Print the listing exactly as it stands. Skip every picture.

Data provided:
########################################

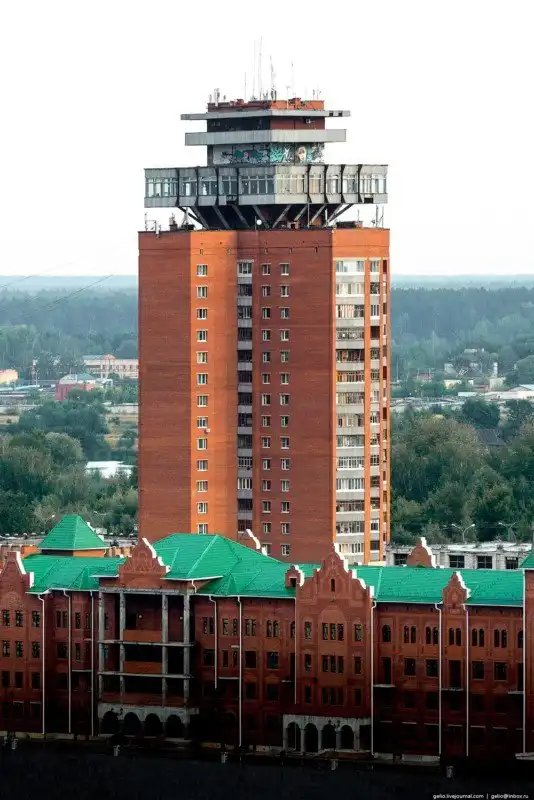 Йошкар-Ола. Единственный город на букву «Й»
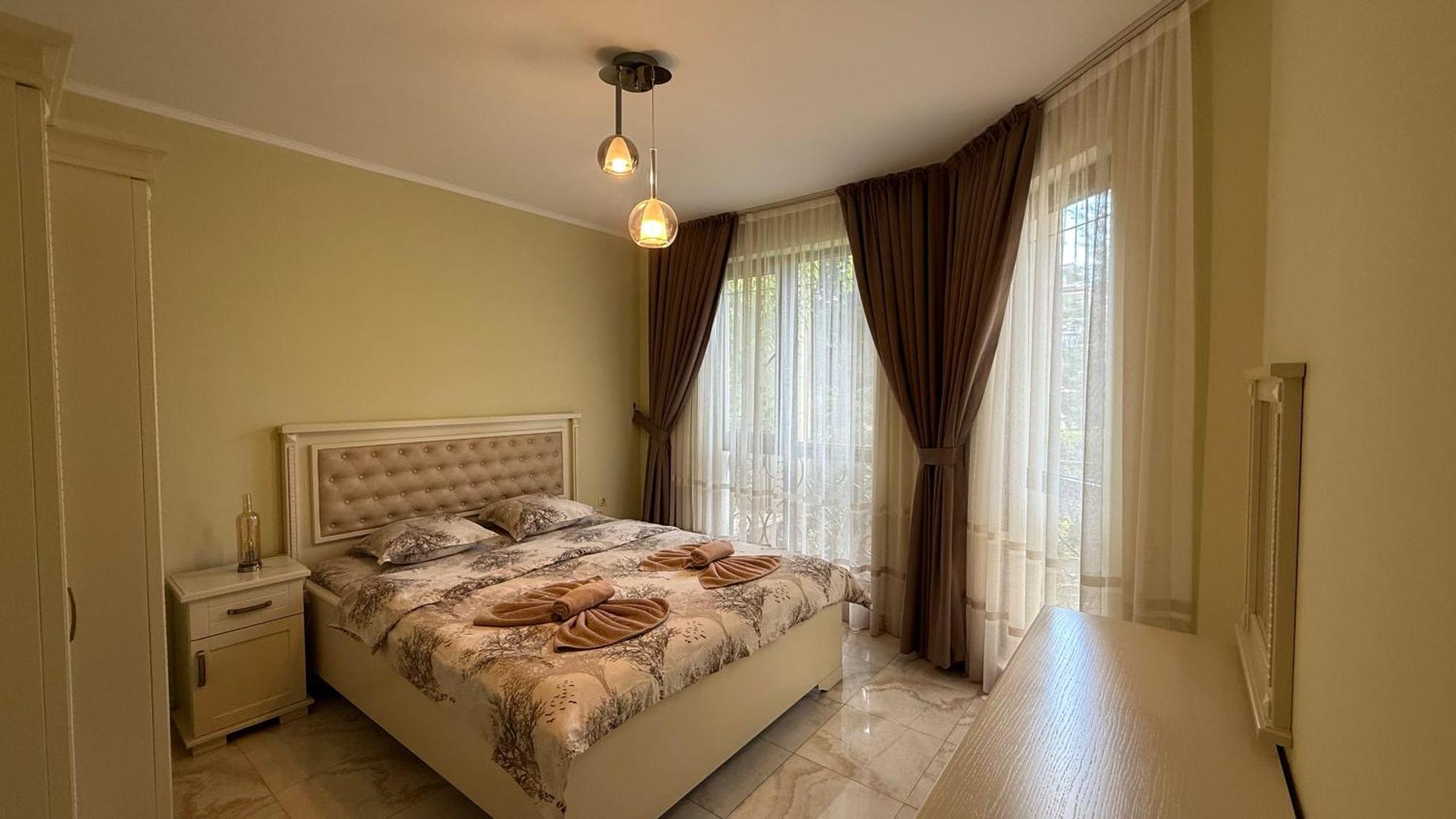 Poseidon Vip Residence Club Balneo & Spa Resort Несебър Стая снимка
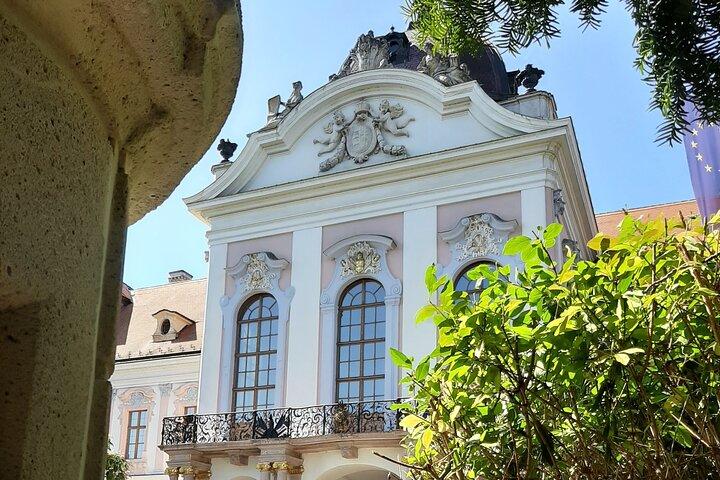 Private Sissi Castle Tour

########################################

Answer space:
 Йошкар-Ола. Единственный город на букву «Й»
 Poseidon Vip Residence Club Balneo & Spa Resort Несебър Стая снимка
 Private Sissi Castle Tour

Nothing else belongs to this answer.